Supplied information Block Start
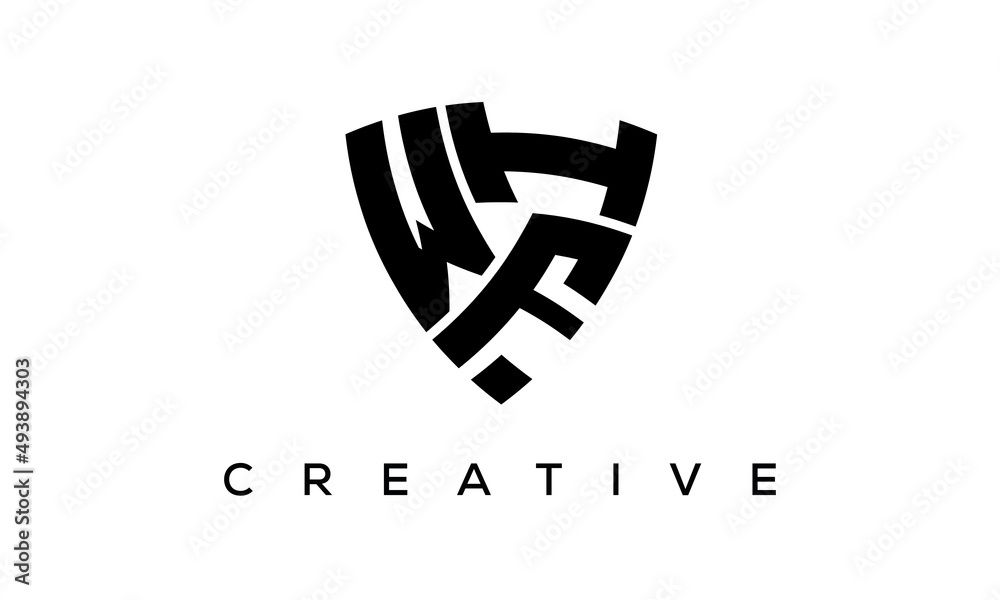 Shield letters WFI creative logo Shield letters WFI creative logo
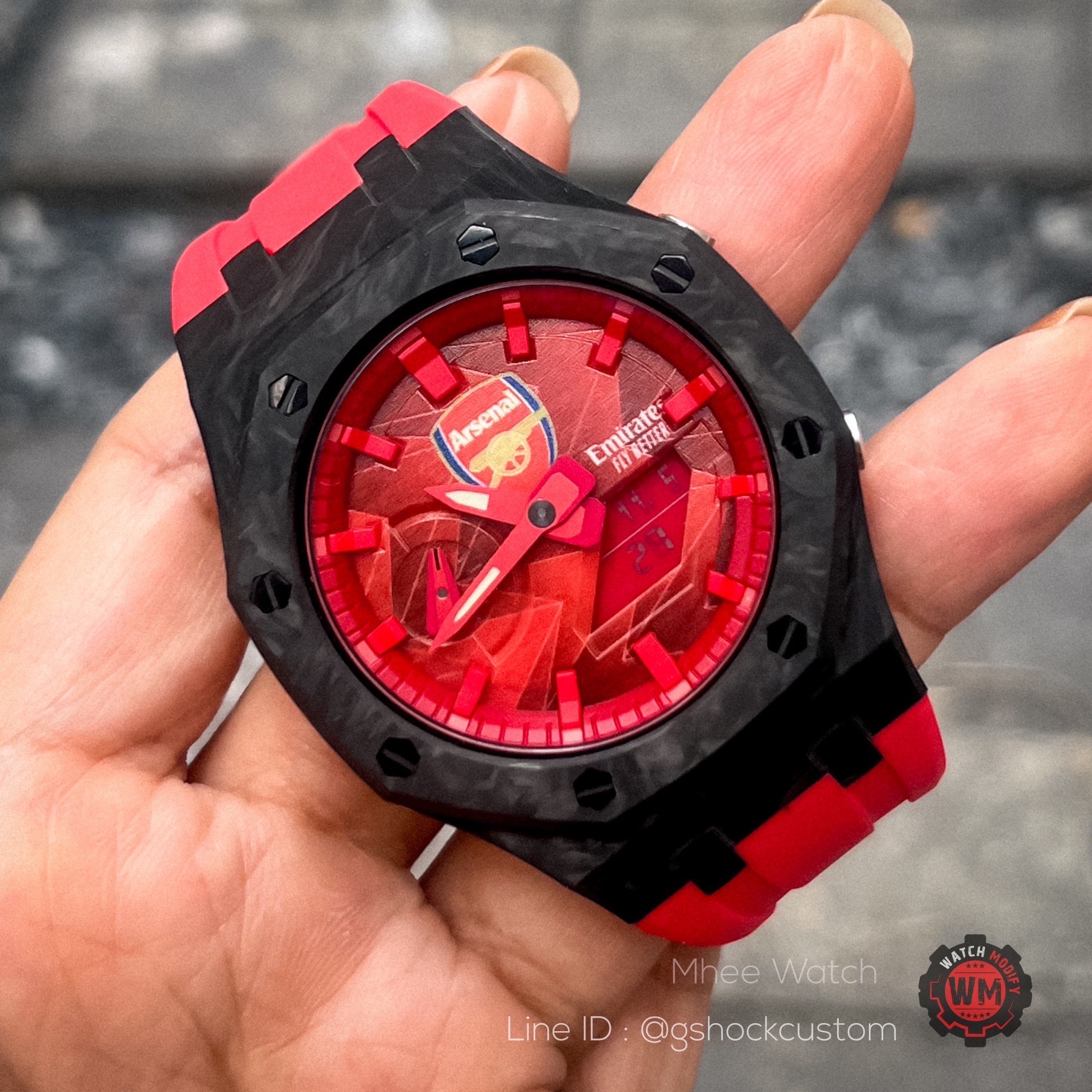 G-SHOCK Ga-2100 Customized Arsenal FC Carbon Fiber Red Rubber Strap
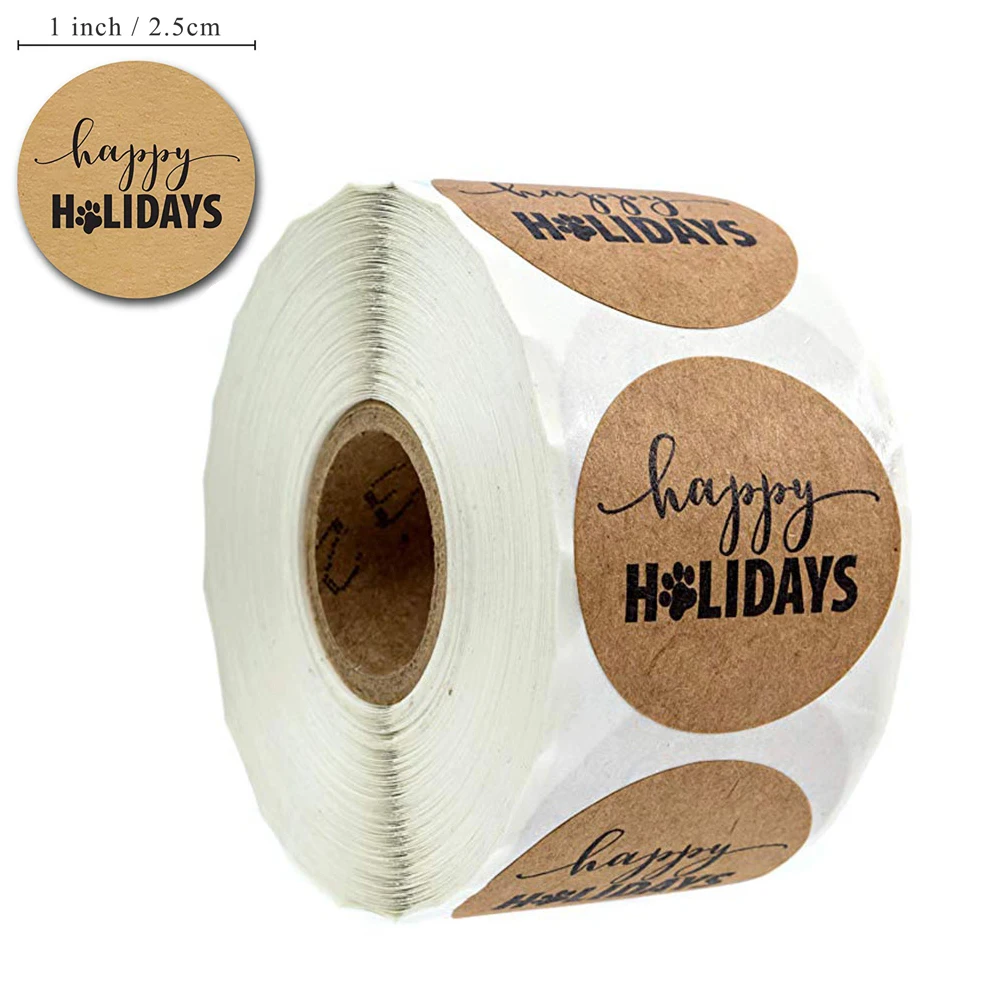 

Holidays Stickers Labels Stationery Tags Print Party Christmas 500pcs Material Shape Happy Per Roll 1 Inch Round Dog Paw Tags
Supplied information Block End
→ **Exercise aim**: From the line containing "G-SHOCK Ga-2100 Customized" through the final line of the listing, copy every line exactly and nothing else. Skip the pictures.

→ **Exercise solution**:
 G-SHOCK Ga-2100 Customized Arsenal FC Carbon Fiber Red Rubber Strap

Holidays Stickers Labels Stationery Tags Print Party Christmas 500pcs Material Shape Happy Per Roll 1 Inch Round Dog Paw Tags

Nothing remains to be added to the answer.